> _WHAT YOU NEED TO DO_
Repeat, word for word, every line from the line holding "BLACK BUNKER BM8 AIR RIFLE 177AIR" through the final line of the entries below. Skip all pictures.

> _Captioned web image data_
==================================================
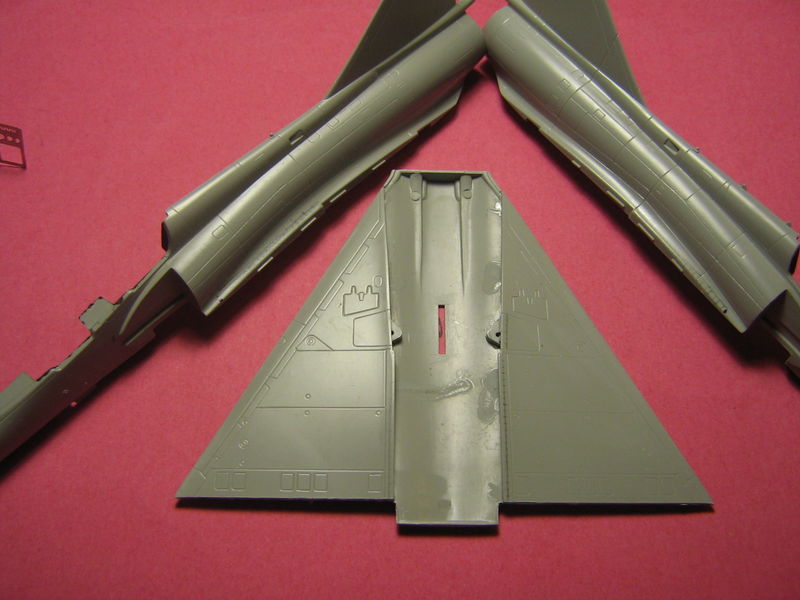 Mirage 2000 D Italeri- 002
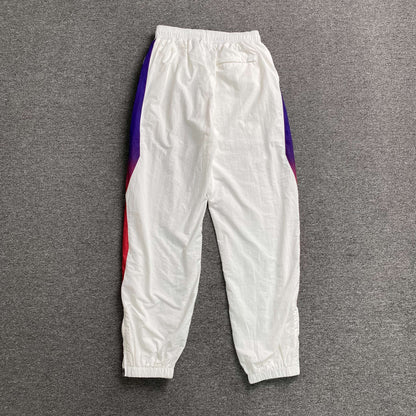 Pantalon Corteiz Gradient Litework Blanco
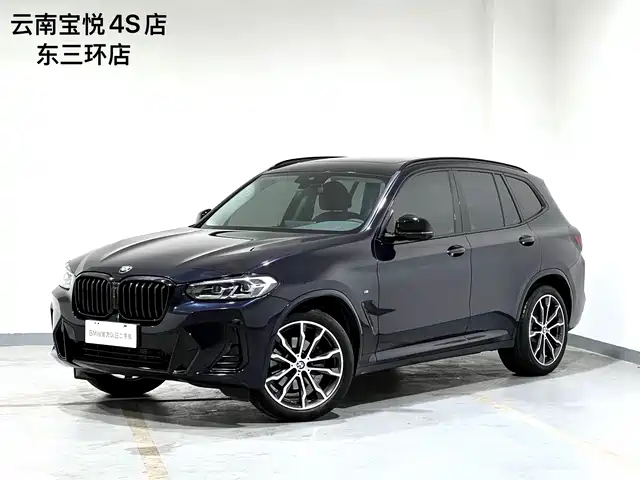 Bmw Bmw X3 Bmw X3 2022 Model 2 Xdrive30i Leading M Night Package — фото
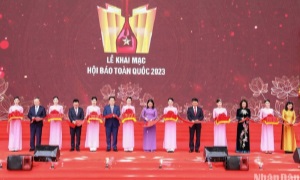 Khai mạc Hội Báo toàn quốc năm 2023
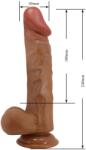 LyBaile Dildo Beautiful Buraq 24 cm Dildo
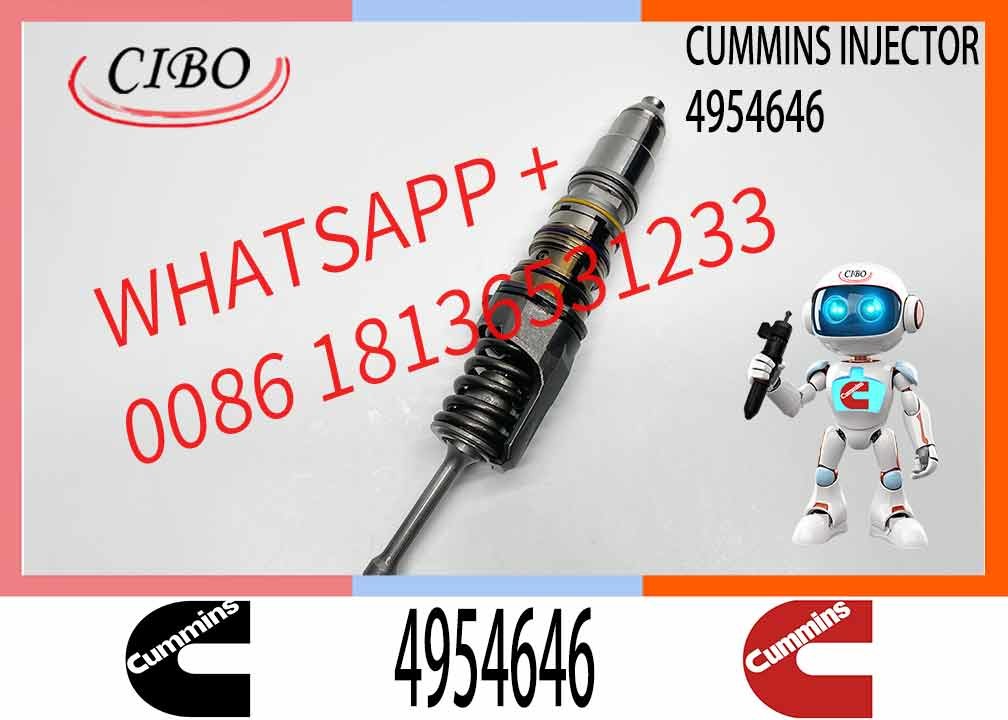 4954646 Genuine Diesel Engine Common Rail QSX15 Fuel Injector 4076963 4903028 570016 1521978
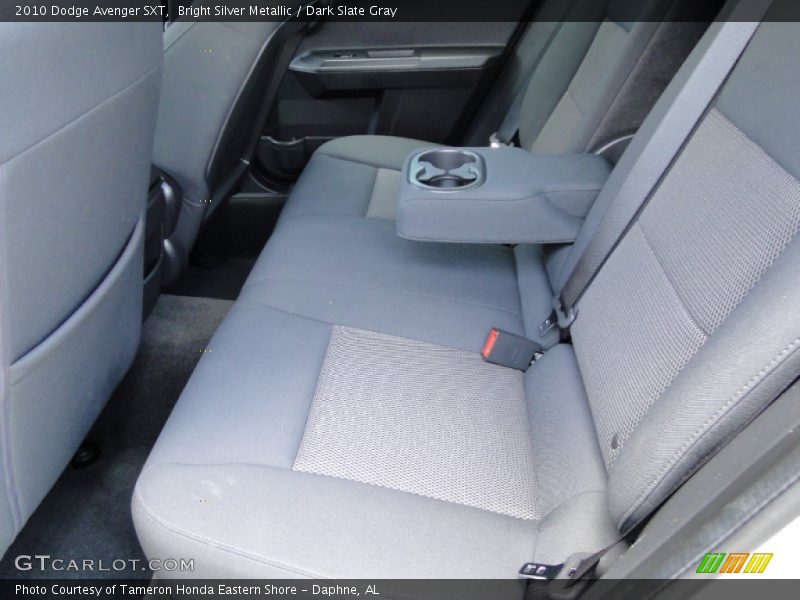 Bright Silver Metallic / Dark Slate Gray 2010 Dodge Avenger SXT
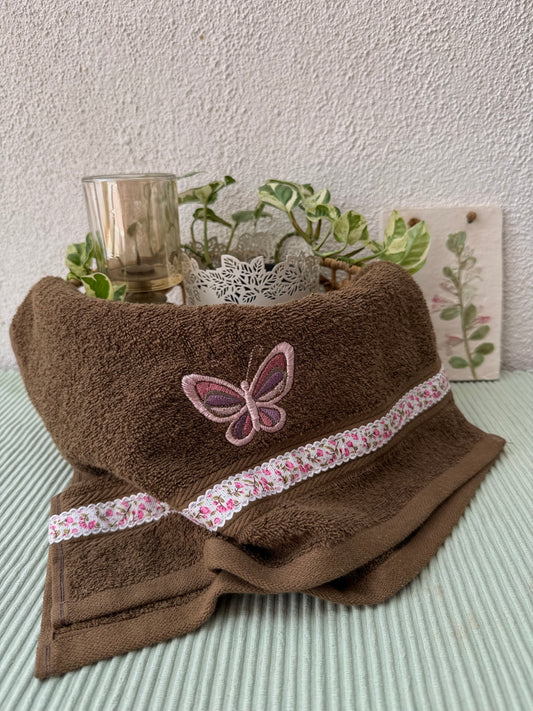 Hand Towel - Butterfly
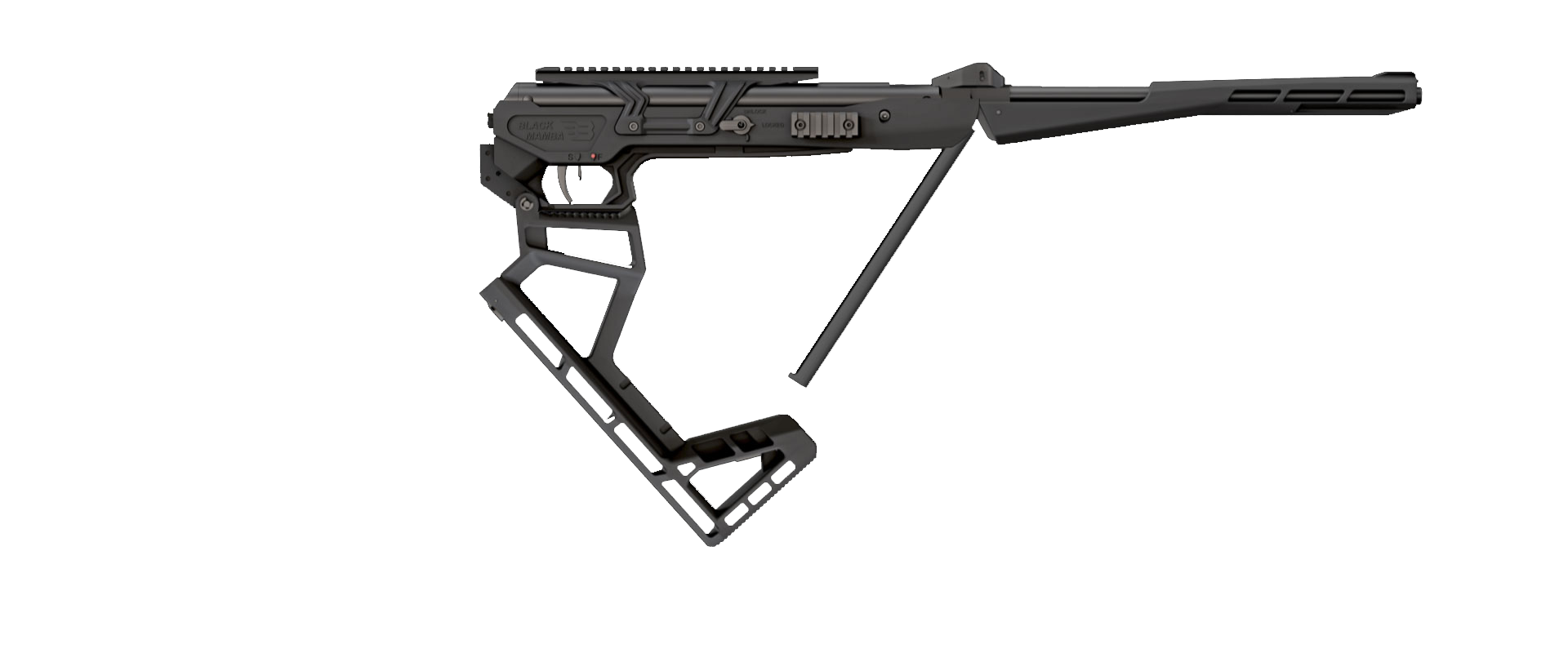 BLACK BUNKER BM8 AIR RIFLE 177AIR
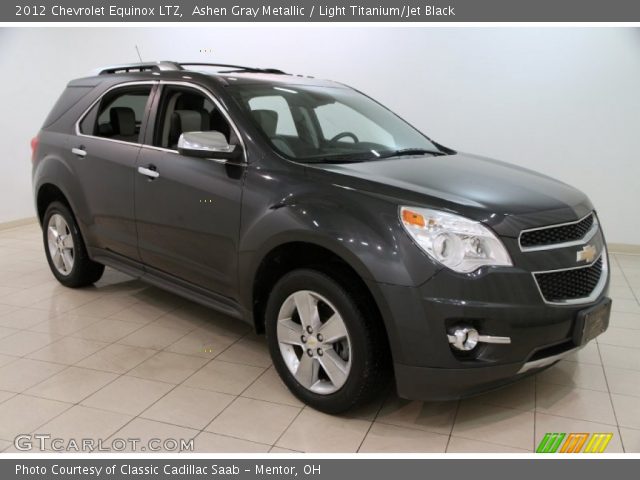 2012 Chevrolet Equinox LTZ in Ashen Gray Metallic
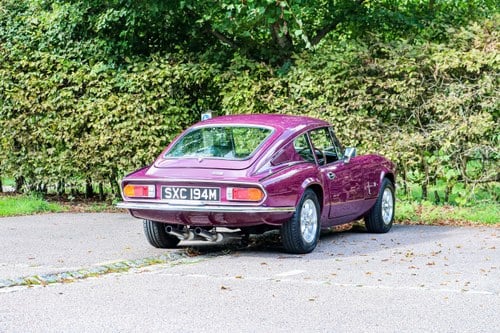 1974 Triumph GT6 MkIII zum Verkauf (Bild 7 von 103)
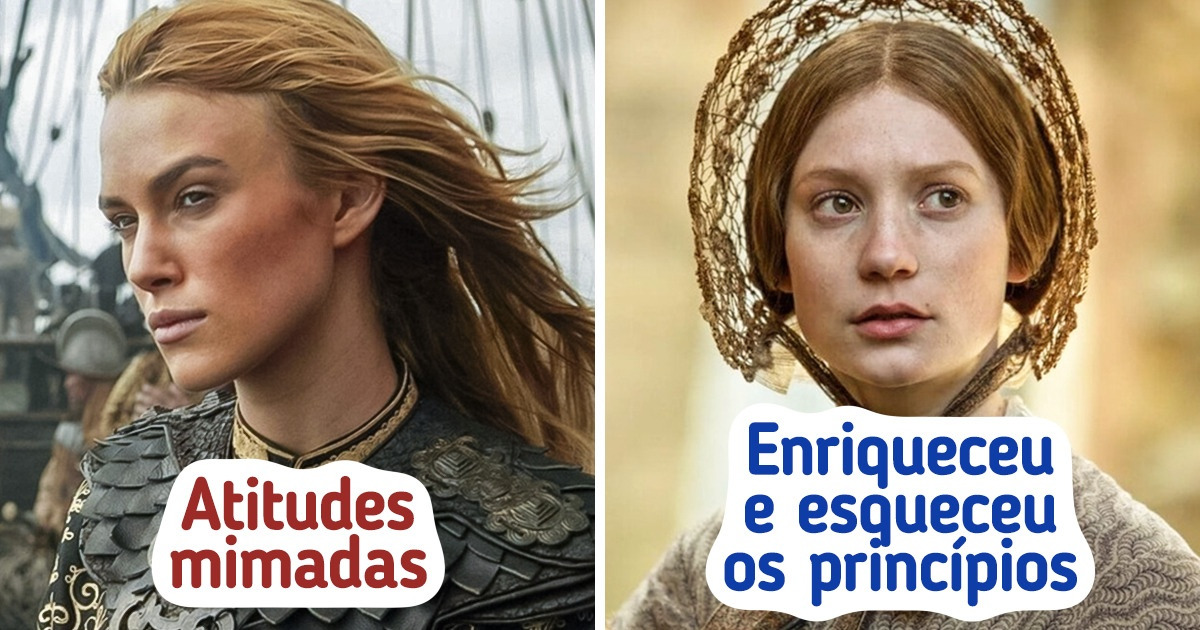 13 Personagens cinematográficos que parecem ser perfeitos, mas no fundo não são 13 Personagens cinematográficos que parecem ser perfeitos, mas no fundo não são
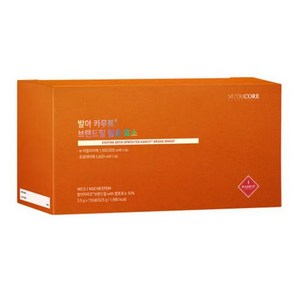 [4+1] 뉴트리코어 WCS 발아 카무트 브랜드밀 함유 효소 3.5g x 150포 (5박스), 525g, 5개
==================================================
> _RESULT OF THIS EXERCISE_
 BLACK BUNKER BM8 AIR RIFLE 177AIR
 2012 Chevrolet Equinox LTZ in Ashen Gray Metallic
 1974 Triumph GT6 MkIII zum Verkauf (Bild 7 von 103)
 13 Personagens cinematográficos que parecem ser perfeitos, mas no fundo não são 13 Personagens cinematográficos que parecem ser perfeitos, mas no fundo não são
 [4+1] 뉴트리코어 WCS 발아 카무트 브랜드밀 함유 효소 3.5g x 150포 (5박스), 525g, 5개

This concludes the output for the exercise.